Sensitivity: True positives (false negatives + true positives)*100
Specificity: True negatives (false positives + true negatives) *100
Category | Specification |
Sensitivity of new clone identification (30Mb) |
Copy loss >99% Copy gain ~75% |
Specificity of new clone identification at 30Mb |
Copy loss >99% Copy gain >99% |
Sensitivity of CNV calls in a defined clone at 5-15Mb | 97.9% |
Specificity of CNV calls in a defined clone at 5-15Mb | 97.0% |
Only high completeness (>8 reads in 60% of the amplicons) cells are used for calling CNV. Therefore the sequencing depth, panel uniformity, and number of cells called can affect the CNV calling performance.
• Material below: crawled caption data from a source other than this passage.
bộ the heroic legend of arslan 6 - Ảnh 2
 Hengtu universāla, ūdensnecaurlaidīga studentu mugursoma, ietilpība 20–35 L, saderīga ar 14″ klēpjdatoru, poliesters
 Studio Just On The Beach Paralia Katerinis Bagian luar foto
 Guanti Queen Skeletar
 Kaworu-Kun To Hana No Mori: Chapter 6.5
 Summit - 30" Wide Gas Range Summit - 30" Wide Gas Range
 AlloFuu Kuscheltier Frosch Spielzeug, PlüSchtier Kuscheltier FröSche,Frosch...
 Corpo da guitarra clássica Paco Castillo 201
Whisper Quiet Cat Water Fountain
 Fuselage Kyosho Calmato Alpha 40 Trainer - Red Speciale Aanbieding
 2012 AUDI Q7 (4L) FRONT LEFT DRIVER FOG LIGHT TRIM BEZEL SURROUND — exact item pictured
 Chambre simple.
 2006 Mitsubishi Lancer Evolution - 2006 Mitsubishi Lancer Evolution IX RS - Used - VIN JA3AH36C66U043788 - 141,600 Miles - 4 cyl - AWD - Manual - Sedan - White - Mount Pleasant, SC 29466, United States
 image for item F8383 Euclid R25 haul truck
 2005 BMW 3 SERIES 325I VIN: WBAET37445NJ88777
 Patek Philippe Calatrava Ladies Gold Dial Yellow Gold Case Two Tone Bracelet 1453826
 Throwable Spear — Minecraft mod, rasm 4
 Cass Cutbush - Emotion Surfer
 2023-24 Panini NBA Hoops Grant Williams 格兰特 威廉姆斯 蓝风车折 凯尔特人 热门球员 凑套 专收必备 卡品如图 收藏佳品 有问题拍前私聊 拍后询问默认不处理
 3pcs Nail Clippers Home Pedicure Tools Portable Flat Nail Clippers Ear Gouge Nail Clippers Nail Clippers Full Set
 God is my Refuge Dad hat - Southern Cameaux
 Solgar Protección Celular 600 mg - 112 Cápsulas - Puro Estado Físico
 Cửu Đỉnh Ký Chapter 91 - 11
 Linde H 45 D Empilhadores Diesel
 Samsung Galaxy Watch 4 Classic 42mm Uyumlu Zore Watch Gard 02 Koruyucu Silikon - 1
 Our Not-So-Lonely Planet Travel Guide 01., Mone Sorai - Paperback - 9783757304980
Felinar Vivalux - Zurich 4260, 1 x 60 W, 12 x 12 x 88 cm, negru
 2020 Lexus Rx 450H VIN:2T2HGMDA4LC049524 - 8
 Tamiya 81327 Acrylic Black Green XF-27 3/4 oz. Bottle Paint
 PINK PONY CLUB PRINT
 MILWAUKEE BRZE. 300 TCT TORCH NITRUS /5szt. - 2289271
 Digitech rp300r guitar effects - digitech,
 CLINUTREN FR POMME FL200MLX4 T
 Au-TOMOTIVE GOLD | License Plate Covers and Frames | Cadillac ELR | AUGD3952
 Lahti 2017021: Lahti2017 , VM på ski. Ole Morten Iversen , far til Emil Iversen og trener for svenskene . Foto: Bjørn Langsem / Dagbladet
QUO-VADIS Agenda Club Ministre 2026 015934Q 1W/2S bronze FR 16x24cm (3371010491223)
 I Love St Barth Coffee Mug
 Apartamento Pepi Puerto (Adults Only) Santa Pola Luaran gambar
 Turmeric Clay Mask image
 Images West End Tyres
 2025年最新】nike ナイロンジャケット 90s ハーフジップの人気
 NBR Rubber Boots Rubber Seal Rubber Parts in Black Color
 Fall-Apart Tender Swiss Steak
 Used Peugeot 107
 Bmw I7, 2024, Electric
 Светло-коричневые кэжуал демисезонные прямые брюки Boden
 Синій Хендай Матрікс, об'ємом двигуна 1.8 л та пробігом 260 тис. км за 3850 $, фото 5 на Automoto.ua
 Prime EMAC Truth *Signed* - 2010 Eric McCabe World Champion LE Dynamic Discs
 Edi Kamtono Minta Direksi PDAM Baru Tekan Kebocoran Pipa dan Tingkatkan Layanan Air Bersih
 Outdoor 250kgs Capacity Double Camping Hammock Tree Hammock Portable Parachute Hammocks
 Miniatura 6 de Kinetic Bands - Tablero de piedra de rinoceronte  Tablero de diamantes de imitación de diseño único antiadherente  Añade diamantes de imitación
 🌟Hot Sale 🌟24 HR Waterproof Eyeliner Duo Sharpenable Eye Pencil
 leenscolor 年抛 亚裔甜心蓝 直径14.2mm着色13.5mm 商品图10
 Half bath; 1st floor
For CNVs at 30Mb resolution, the sensitivity (75% for copy gain and >99% for copy loss) and specificity (>99% for gain & loss) of finding a subclone with CNV is based on:
- The size of the CNV event (10Mb vs 30Mb)
- The size of the clone (e.g., 5% vs 50%)
- The type of CNV in that clone (gain vs loss)
- The presence of heterozygous variants on the amplicons with CNVs (LoH vs only a gain/loss)
The sensitivity (97.9%) and specificity (97%) of calling CNV for each region once the clone has been identified is based on:
- The size of the clone (5% vs 50%)
- The type of CNV event (gain vs loss)
- The presence of heterozygous variants on the amplicons
Limit of detection (LoD): smallest number of cells needed to detect a copy loss or gain.
LoD depends on the number of cells containing the CNV, the type (gain vs loss), and the number of amplicons encompassed by the CNV. The sensitivity of detecting the clone increases drastically as the number of amplicons included in the CNV increases (resolution decreases).
A clone with A CNV of 30 Mb (6 amplicons) has a LoD of >50 cells (loss) and >350 cells (gain) at 75% and >99% sensitivity, respectively.